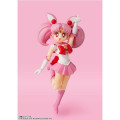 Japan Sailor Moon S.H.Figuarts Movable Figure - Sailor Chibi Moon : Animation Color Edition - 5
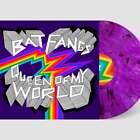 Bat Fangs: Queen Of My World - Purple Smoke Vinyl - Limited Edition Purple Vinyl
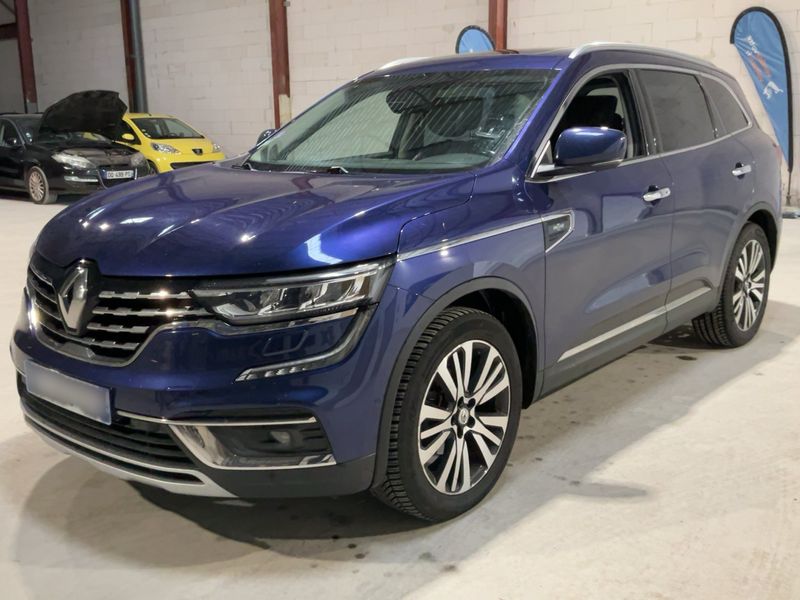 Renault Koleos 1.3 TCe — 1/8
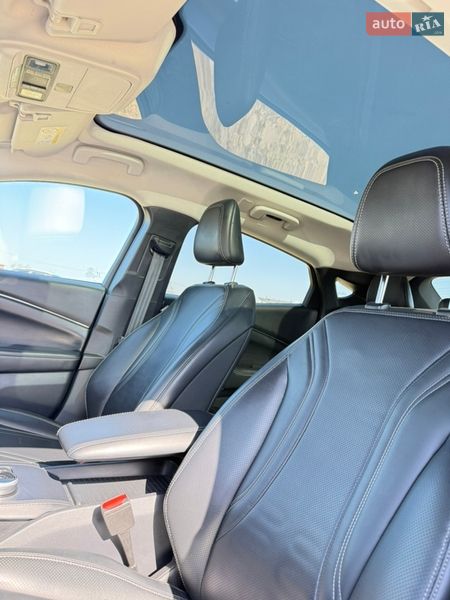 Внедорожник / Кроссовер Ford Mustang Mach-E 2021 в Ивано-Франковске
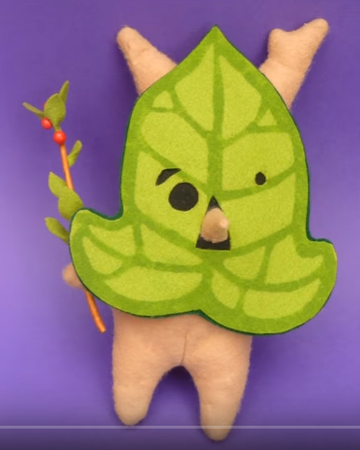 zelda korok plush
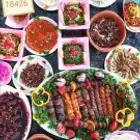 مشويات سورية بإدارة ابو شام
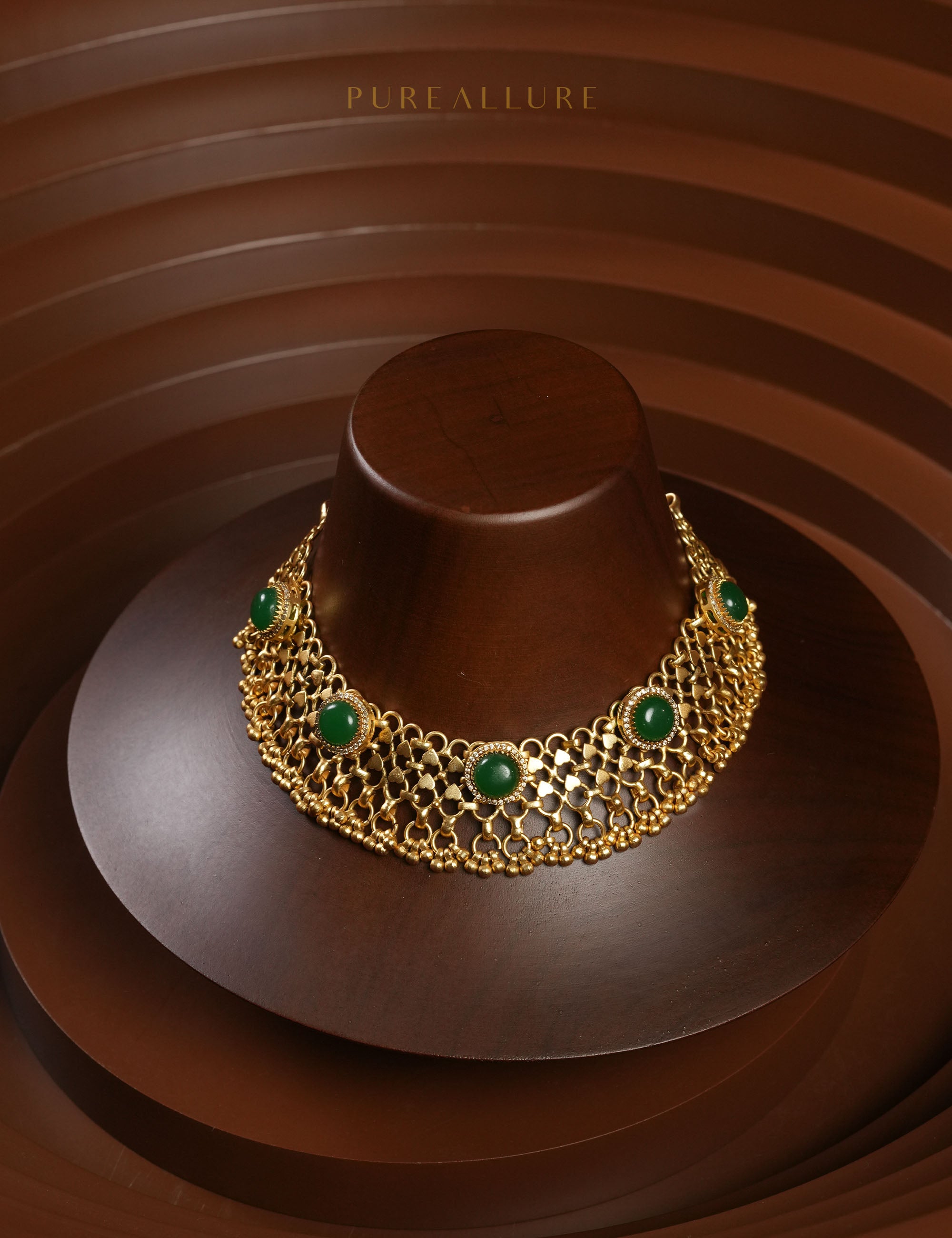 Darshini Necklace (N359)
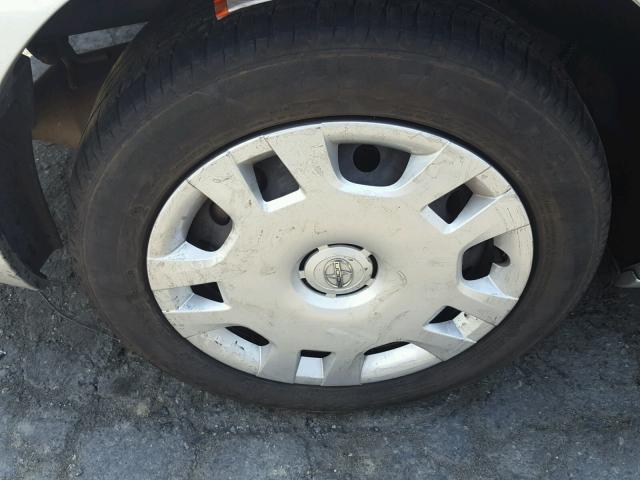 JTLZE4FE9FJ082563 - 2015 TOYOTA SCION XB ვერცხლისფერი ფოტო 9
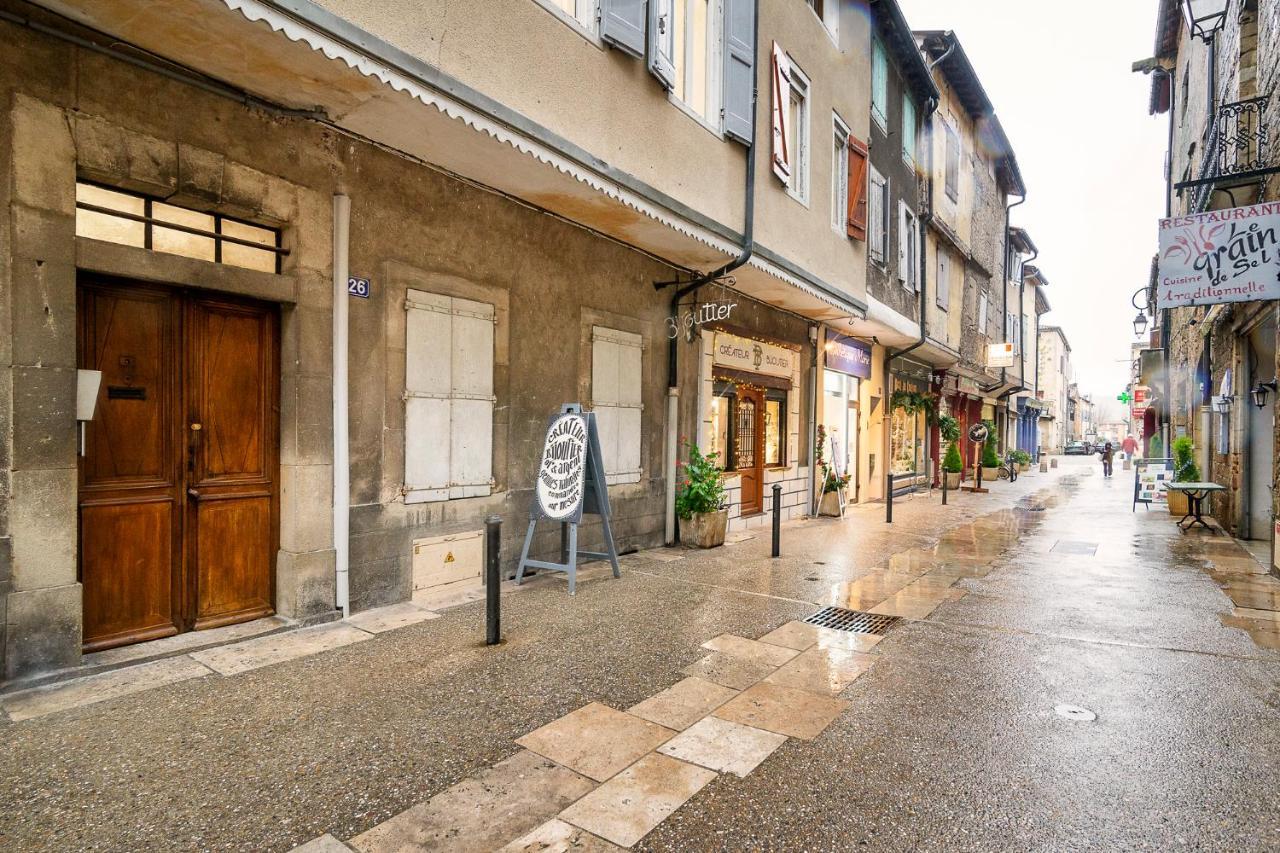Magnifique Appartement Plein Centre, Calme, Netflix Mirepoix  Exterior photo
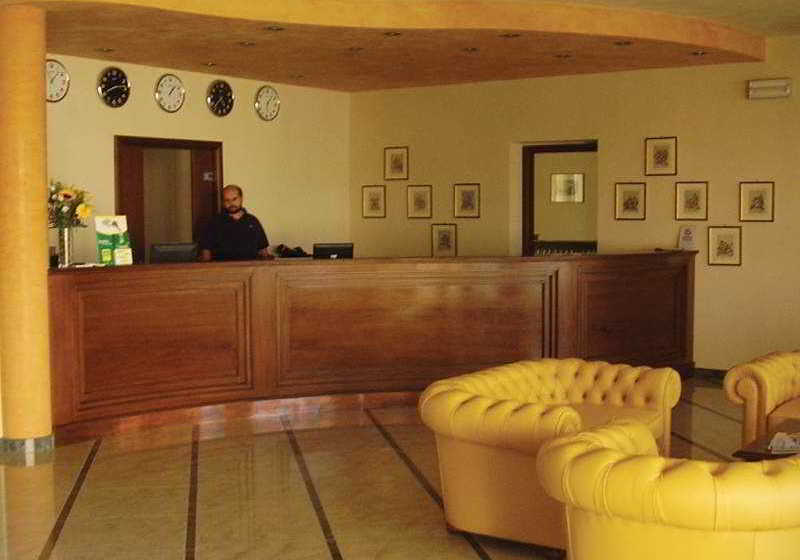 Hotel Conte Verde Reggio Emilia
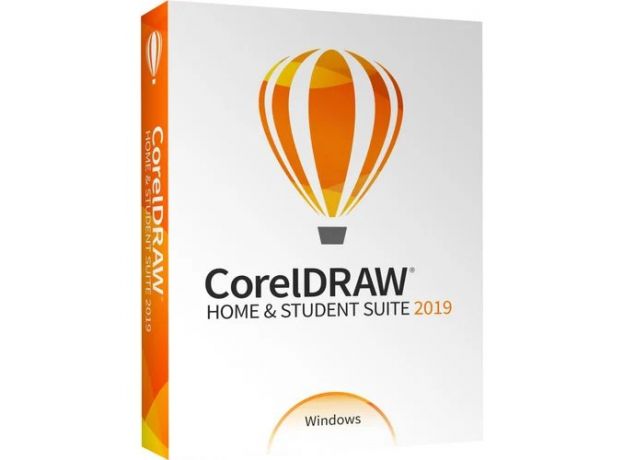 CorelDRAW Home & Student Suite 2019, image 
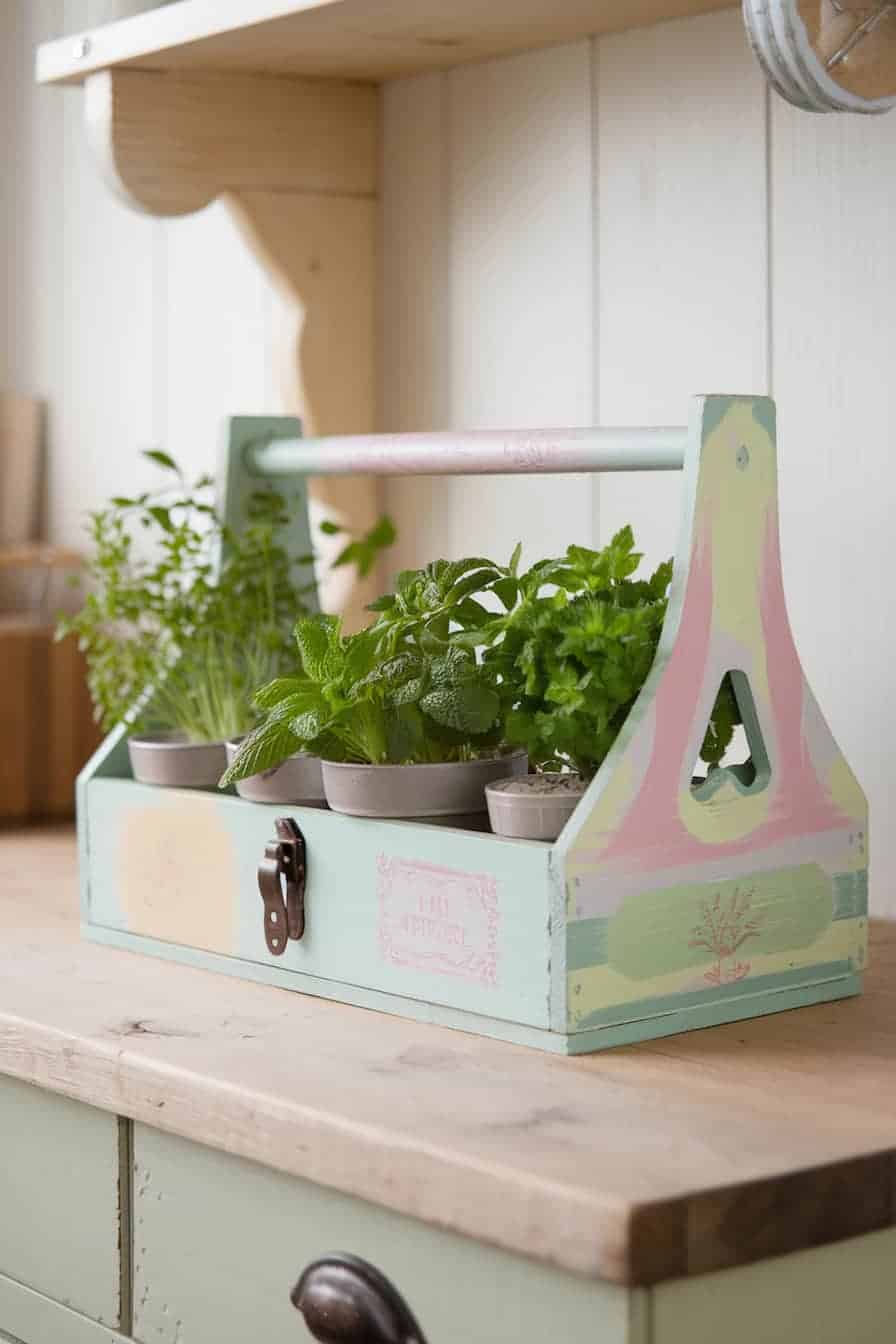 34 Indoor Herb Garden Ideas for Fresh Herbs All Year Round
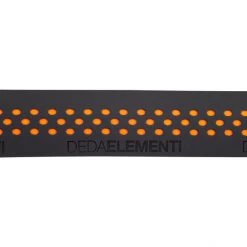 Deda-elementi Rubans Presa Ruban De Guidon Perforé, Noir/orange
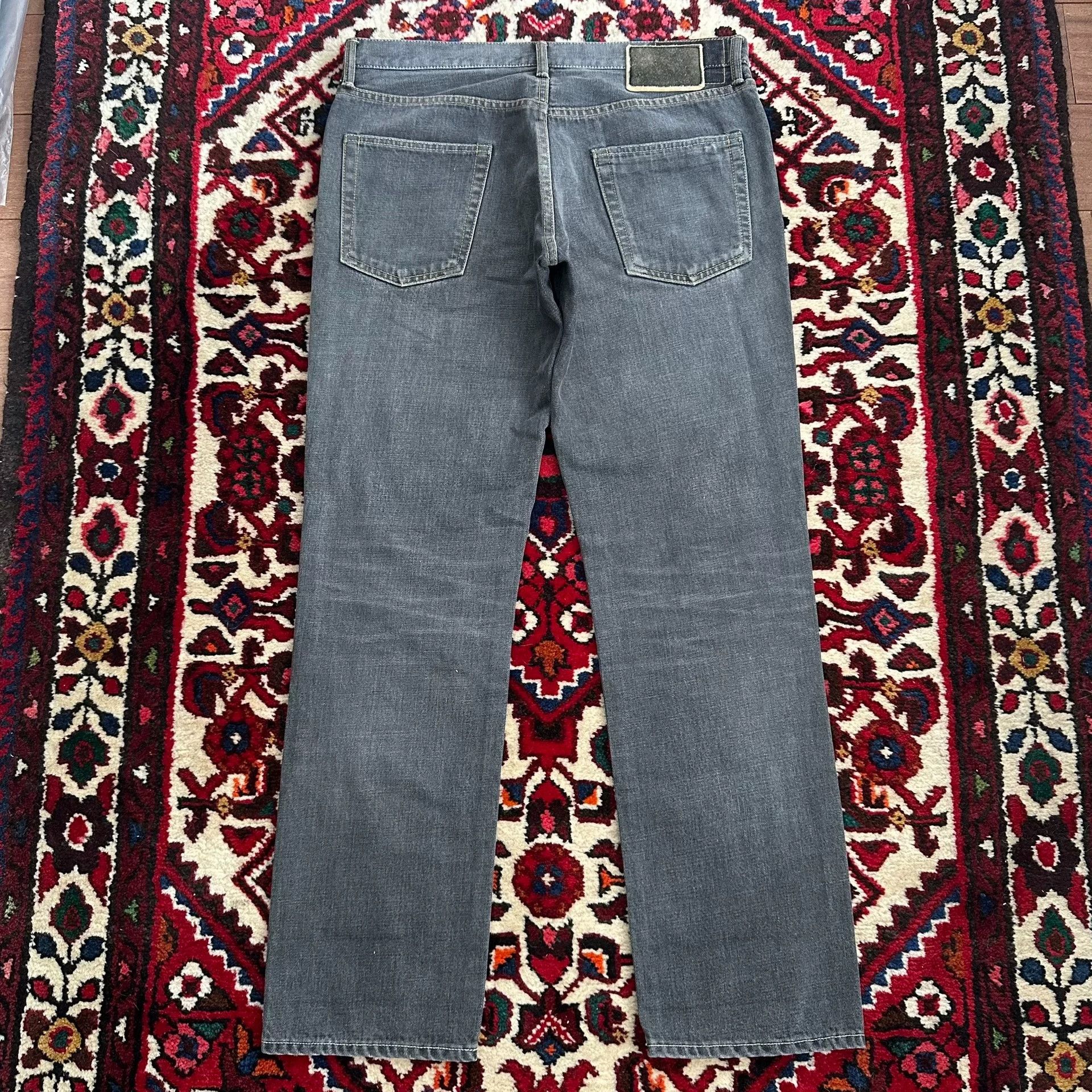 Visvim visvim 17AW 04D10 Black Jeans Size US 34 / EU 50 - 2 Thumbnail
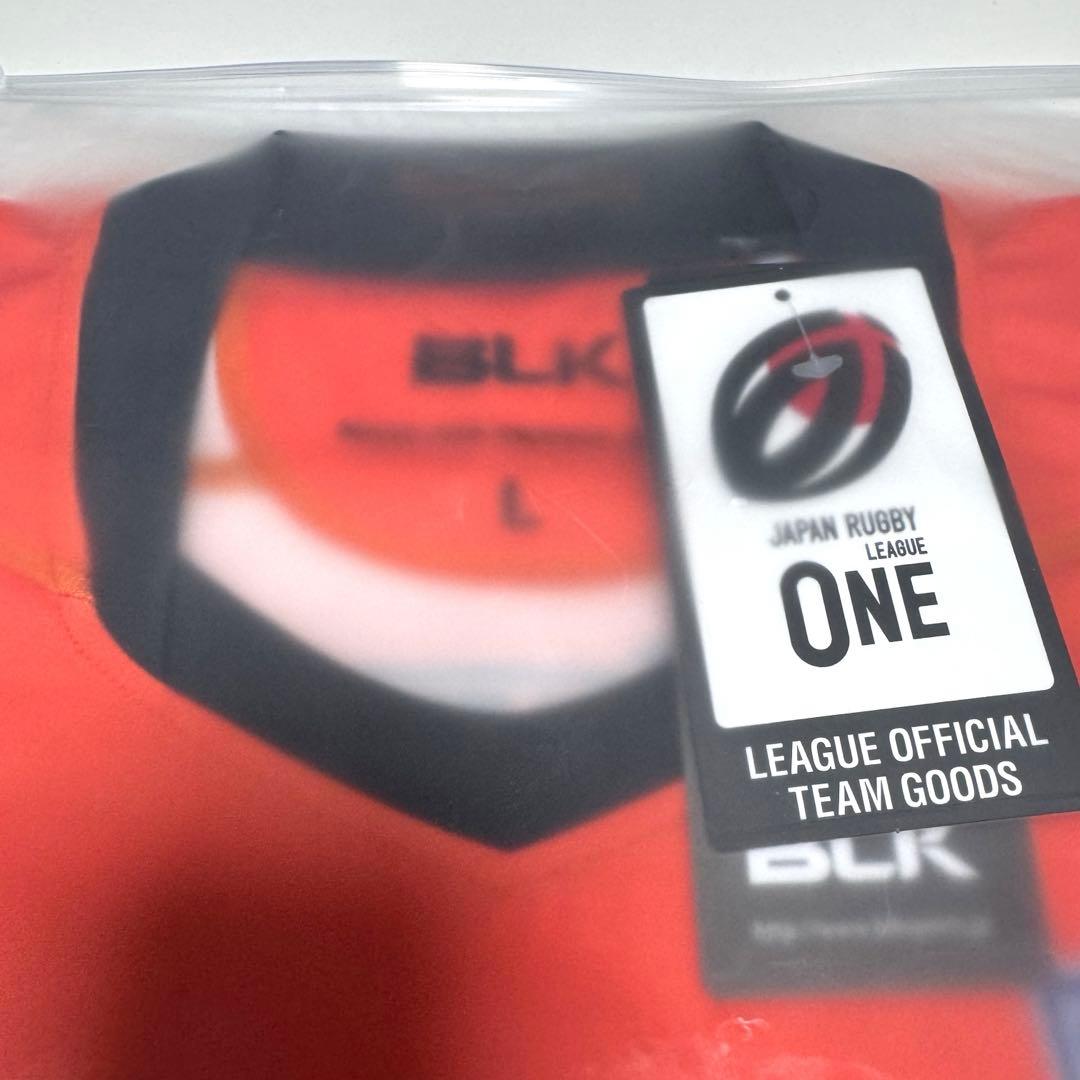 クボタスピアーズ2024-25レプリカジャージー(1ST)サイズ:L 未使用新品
================
EXERCISE DETAILS:
Your answer must be the lines above from the one holding "مشويات سورية بإدارة ابو شام" up to and including the one holding "CorelDRAW Home & Student Suite 2019, image", exact and with no pictures.

OUTPUT OF THE EXERCISE:
 مشويات سورية بإدارة ابو شام
 Darshini Necklace (N359)
 JTLZE4FE9FJ082563 - 2015 TOYOTA SCION XB ვერცხლისფერი ფოტო 9
Magnifique Appartement Plein Centre, Calme, Netflix Mirepoix  Exterior photo
 Hotel Conte Verde Reggio Emilia
 CorelDRAW Home & Student Suite 2019, image 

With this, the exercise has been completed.